In the records below, find the line that holds "Wohnbereich mit Massivholzmöbeln, gemütliche". Restate it and every later line exactly, stopping at the end and skipping pictures.

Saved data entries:
--------------------------------
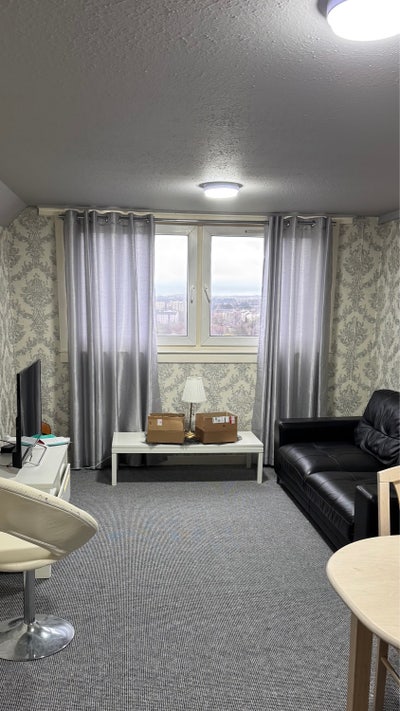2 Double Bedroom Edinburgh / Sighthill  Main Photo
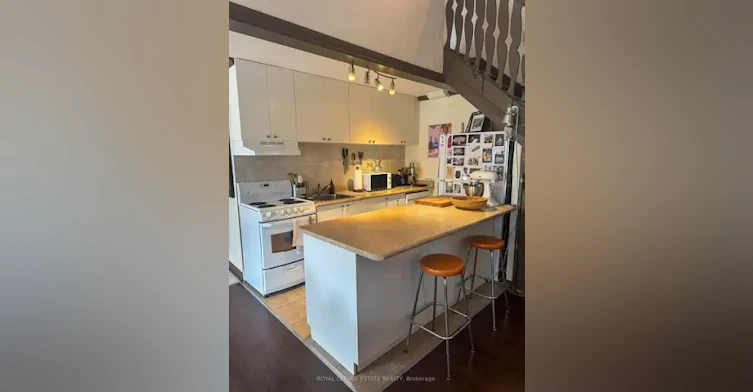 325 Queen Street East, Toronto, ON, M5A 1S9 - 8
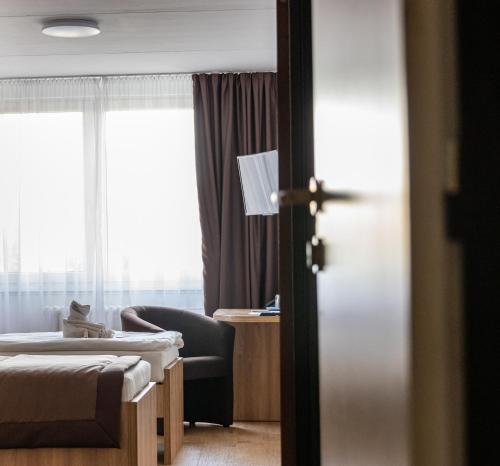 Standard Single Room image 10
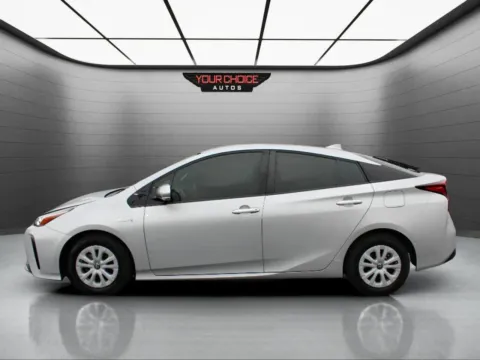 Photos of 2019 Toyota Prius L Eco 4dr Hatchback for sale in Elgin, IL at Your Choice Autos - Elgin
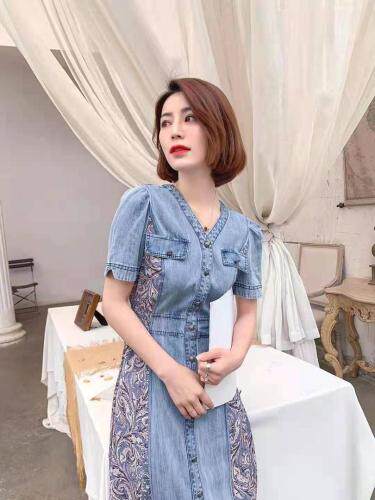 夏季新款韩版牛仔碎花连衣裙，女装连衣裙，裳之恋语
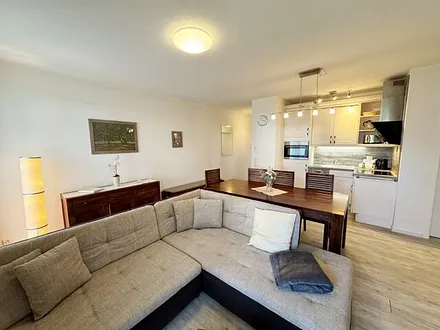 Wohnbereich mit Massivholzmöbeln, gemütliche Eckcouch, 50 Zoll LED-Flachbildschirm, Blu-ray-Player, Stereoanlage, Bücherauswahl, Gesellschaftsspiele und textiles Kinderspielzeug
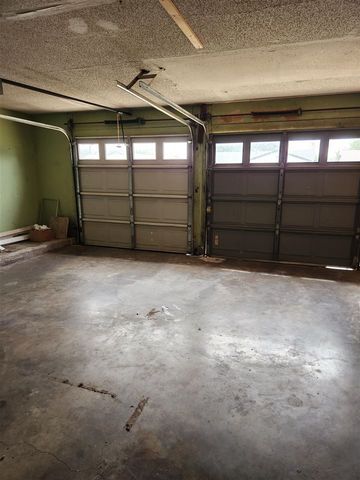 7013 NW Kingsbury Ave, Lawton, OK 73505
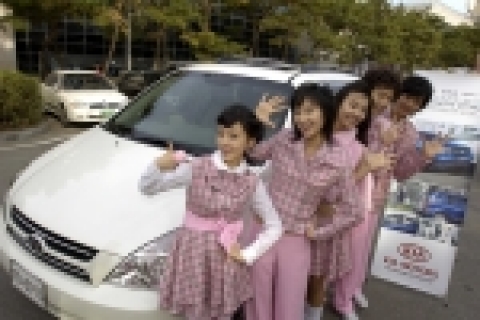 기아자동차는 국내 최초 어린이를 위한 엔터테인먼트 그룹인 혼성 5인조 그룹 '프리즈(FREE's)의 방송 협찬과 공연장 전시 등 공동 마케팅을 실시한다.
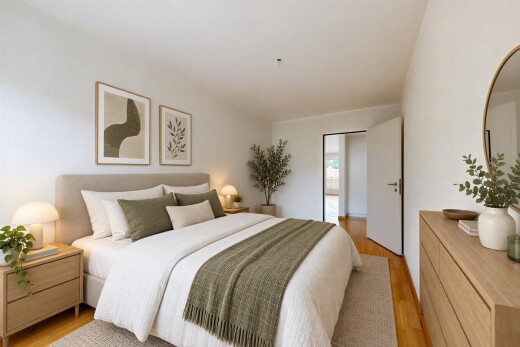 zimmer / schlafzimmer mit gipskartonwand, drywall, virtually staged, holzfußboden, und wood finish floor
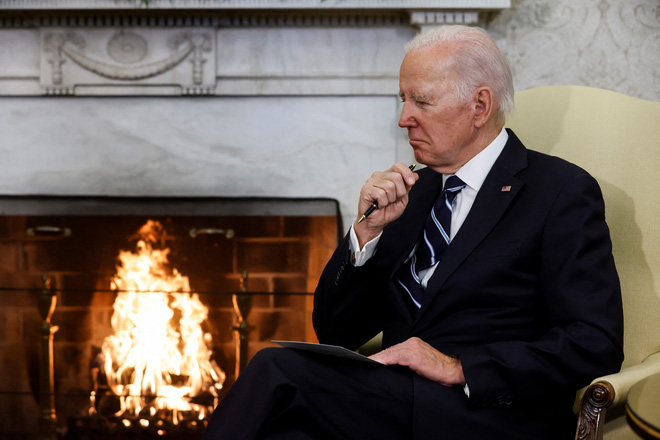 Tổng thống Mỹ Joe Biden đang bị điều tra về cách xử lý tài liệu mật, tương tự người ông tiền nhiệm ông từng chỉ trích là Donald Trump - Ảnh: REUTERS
--------------------------------
## Task answer:
 Wohnbereich mit Massivholzmöbeln, gemütliche Eckcouch, 50 Zoll LED-Flachbildschirm, Blu-ray-Player, Stereoanlage, Bücherauswahl, Gesellschaftsspiele und textiles Kinderspielzeug
 7013 NW Kingsbury Ave, Lawton, OK 73505
 기아자동차는 국내 최초 어린이를 위한 엔터테인먼트 그룹인 혼성 5인조 그룹 '프리즈(FREE's)의 방송 협찬과 공연장 전시 등 공동 마케팅을 실시한다.
 zimmer / schlafzimmer mit gipskartonwand, drywall, virtually staged, holzfußboden, und wood finish floor
 Tổng thống Mỹ Joe Biden đang bị điều tra về cách xử lý tài liệu mật, tương tự người ông tiền nhiệm ông từng chỉ trích là Donald Trump - Ảnh: REUTERS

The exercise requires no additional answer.